- [Task to complete]: From the entries below, output the line with "Ergodyne - Size" and each following line up to and including the line with "Concurso IFPE 2025: Edital", exactly as written.

[Dataset records]
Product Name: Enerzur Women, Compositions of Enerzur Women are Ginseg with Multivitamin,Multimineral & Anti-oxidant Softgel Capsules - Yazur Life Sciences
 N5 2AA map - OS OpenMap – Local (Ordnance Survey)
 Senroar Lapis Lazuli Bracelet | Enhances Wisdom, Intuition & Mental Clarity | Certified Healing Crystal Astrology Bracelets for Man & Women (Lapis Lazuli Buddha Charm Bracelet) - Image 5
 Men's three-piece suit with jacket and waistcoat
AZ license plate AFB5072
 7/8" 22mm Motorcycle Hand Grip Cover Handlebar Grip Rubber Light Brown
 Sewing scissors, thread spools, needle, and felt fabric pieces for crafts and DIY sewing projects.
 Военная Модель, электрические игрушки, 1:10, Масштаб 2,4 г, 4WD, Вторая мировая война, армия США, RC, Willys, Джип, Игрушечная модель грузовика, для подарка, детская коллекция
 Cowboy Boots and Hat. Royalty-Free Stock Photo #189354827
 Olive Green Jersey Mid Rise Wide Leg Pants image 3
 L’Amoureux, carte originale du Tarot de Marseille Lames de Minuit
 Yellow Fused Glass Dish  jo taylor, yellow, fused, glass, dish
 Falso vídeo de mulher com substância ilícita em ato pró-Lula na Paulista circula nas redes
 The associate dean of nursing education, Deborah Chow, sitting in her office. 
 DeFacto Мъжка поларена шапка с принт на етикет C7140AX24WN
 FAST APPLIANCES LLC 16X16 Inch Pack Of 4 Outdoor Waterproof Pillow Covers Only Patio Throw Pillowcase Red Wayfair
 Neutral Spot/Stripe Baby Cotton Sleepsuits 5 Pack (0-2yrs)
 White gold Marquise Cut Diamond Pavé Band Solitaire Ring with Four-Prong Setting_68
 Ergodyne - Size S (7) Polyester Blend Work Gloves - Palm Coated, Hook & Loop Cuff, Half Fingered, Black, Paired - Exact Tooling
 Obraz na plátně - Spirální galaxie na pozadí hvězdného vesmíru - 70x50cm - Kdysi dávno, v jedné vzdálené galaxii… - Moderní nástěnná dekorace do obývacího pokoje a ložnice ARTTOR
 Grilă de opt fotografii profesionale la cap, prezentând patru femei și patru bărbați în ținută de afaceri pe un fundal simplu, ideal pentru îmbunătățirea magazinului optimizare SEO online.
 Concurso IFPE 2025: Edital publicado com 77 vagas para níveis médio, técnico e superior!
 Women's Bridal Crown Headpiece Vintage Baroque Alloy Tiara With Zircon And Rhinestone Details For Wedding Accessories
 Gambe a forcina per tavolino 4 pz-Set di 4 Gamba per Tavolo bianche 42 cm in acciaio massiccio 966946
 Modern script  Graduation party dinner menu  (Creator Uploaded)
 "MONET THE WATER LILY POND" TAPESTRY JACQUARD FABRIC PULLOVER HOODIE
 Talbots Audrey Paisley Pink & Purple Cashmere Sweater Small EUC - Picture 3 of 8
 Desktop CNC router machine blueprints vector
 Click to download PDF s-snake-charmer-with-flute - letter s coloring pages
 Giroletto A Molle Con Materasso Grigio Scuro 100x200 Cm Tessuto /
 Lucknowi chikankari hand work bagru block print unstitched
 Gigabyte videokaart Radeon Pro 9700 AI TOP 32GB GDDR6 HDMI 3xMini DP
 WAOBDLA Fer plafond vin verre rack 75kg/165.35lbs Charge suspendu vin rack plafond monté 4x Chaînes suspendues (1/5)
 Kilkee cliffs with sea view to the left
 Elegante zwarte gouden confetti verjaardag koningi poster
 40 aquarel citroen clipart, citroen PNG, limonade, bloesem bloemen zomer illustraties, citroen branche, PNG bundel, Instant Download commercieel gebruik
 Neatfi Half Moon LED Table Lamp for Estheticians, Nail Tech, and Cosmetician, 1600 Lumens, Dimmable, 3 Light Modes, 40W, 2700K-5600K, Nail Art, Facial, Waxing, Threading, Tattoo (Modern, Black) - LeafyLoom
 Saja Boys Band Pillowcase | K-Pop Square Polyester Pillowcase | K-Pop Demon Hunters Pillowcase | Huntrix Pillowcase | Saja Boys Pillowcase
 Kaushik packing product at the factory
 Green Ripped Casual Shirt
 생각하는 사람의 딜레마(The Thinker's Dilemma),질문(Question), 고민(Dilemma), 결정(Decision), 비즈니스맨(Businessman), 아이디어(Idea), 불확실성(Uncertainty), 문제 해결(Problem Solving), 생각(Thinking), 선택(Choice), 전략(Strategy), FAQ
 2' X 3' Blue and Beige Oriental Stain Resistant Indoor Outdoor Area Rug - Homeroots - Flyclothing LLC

- [Reply]:
 Ergodyne - Size S (7) Polyester Blend Work Gloves - Palm Coated, Hook & Loop Cuff, Half Fingered, Black, Paired - Exact Tooling
 Obraz na plátně - Spirální galaxie na pozadí hvězdného vesmíru - 70x50cm - Kdysi dávno, v jedné vzdálené galaxii… - Moderní nástěnná dekorace do obývacího pokoje a ložnice ARTTOR
 Grilă de opt fotografii profesionale la cap, prezentând patru femei și patru bărbați în ținută de afaceri pe un fundal simplu, ideal pentru îmbunătățirea magazinului optimizare SEO online.
 Concurso IFPE 2025: Edital publicado com 77 vagas para níveis médio, técnico e superior!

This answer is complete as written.